Soon after catching up with the group, I spoke a few words to Juan and was about to say more when tears started rolling out of my eyes, across my cheeks and down and off my chin, and I found that I could not talk. Juan didn’t get embarrassed; it didn’t seem to faze him at all, he just stopped talking and we kept walking and after a short time I recovered and we started talking again.
That is when I knew there was more going on here for me than I was aware. I thought of my dad and how he had been kicked around all his life and never stood up, although he found a way a lot of times to slip out from under whatever was coming down, and I could hardly contain myself. It made me wonder if he and all the people in my family and my neighborhood like him that I grew up with, who never got a chance to get much education or get ahead in life, but who soldiered on nonetheless and made a decent life for themselves and made peace with their situation, were the reason I cared so deeply about justice.
So here I was at 52, because of all the injustice that I witnessed as a child, not quite knowing but feeling what was going on and that it was wrong, walking with a group of farmers whose ancestors had lived on the same land for centuries, maybe more, protesting and deeply feeling the wrong that the government would not recognize their right to their land; but more importantly, being able to walk with them and share their struggle. I guess that is how I and they all came to be there that day—our families, communities and we—shared this history of injustice and we had all decided to stand up--that day.
We marched to the center of the town, beautiful Cerro San Pedro, and next to the old Spanish Catholic Church, the organizers had set up a stage, and a demonstration event took place with speeches and singing. The crowd milled around. It was Sunday and this small town of about 1000 people was otherwise enjoying a beautiful tourist Sunday with small merchants selling the most delicious corn I had ever eaten.

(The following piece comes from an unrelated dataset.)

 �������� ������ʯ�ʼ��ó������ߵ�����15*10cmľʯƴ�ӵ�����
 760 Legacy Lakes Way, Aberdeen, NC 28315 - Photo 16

After an hour and a half of mostly short speeches and singing, we walked to a different part of the town where there was a museum to the city that was beautiful as well as the office of the group that was resisting the mine, the FAO.

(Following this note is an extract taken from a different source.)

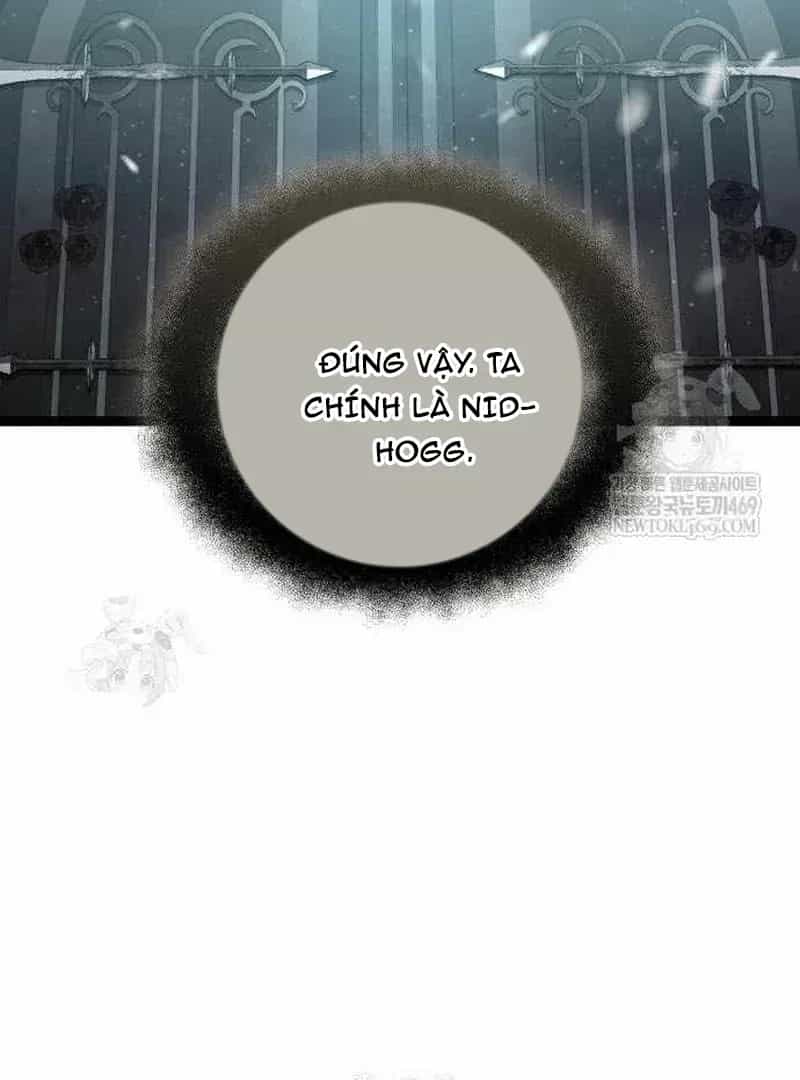 Ta Nhận Được Vật Phẩm Thần Thoại - Chương 170 - ảnh 103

We walked now what seemed a very long way back to the busses, but instead of getting on them, there was now a demonstration held right at the entrance to the mine. Francisco of San Luis Pro Ecologico had a bullhorn and started denouncing the mine practices. We all gathered around. Then Carlos Marentes Jr. I think, grabbed the bullhorn and gave it to Richard of the Polaris Institute from Canada. There was a Canadian flag with a skull on it attached to the fence of the mine since the mine was owned by a Canadian company. Richard in Spanish very bravely spoke out against the company as a Canadian. There were a couple of mine workers in the compound with their backs to us, and occasionally they would turn around and look at us. I don’t think it was a good thing, and I don’t think Richard had any idea he was going to be asked to do this. But he did well; I was impressed and thought he acted bravely.
Once we arrived in Mexico City, I asked one of my travelling companions, a writer form San Luis Potosi and one of the Pro Ecologico Group what she thought. She said sort of forlornly in Spanish, “We protest and protest, but nothing ever seems to change.”
One of the things that really bothered me was how much hatred was built up during the demonstration. I didn’t like that we were demonizing and dehumanizing people, and I don’t know that that is a way to resolve a situation.However, perhaps at some point it gets to that because of continued mistreatment, and then you have war. No wonder war does not solve anything—it never started out of a desire to solve anything but was merely a venting of frustration.